The TI-83 Plus was designed in 1999 as an upgrade to the TI-83. The TI-83 Plus is one of TI's most popular calculators. It uses a Zilog Z80 microprocessor running at 6 MHz, a 96×64 monochrome LCD screen, and 4 AAA batteries, as well as a backup CR1616 or CR1620 battery. A link port is also built into the calculator in the form of a 2.5 mm jack. The main improvement over the TI-83, however, is the addition of 512 KB of Flash ROM, which allows for operating system upgrades and applications to be installed. Most of the Flash memory is used by the operating system, with 160 KB available for user files and applications. Another development is the ability to install Flash Applications, which allows the user to add functionality to the calculator. Such applications have been made for math and science, text editing (both uppercase and lowercase letters), organizers and day planners, editing spreadsheets, games, and many other uses.

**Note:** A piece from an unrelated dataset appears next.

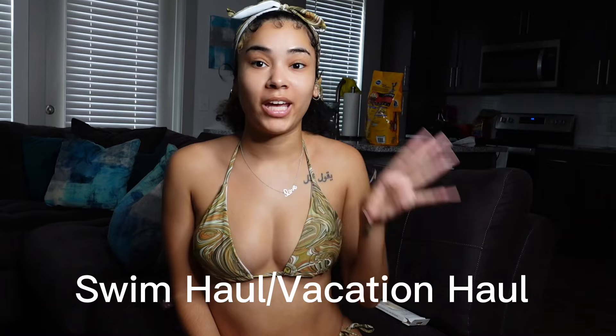Hey y'all, welcome to my YouTube channel. It's Lizzy and I'm back with another video. This video I am going to be doing a swim haul, vacation haul, like all that from Shein.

Designed for use by high school and college students, though now used by middle school students in some public school systems, it contains all the features of a scientific calculator as well as function, parametric, polar, and sequential graphing capabilities; an environment for financial calculations; matrix operations; on-calculator programming; and more. Symbolic manipulation (differentiation, algebra) is not built into the TI-83 Plus. It can be programmed using a language called TI-BASIC, which is similar to the BASIC computer language. Programming may also be done in TI Assembly, made up of Z80 assembly and a collection of TI-provided system calls. Assembly programs run much faster, but are more difficult to write. Thus, the writing of Assembly programs is often done on a computer.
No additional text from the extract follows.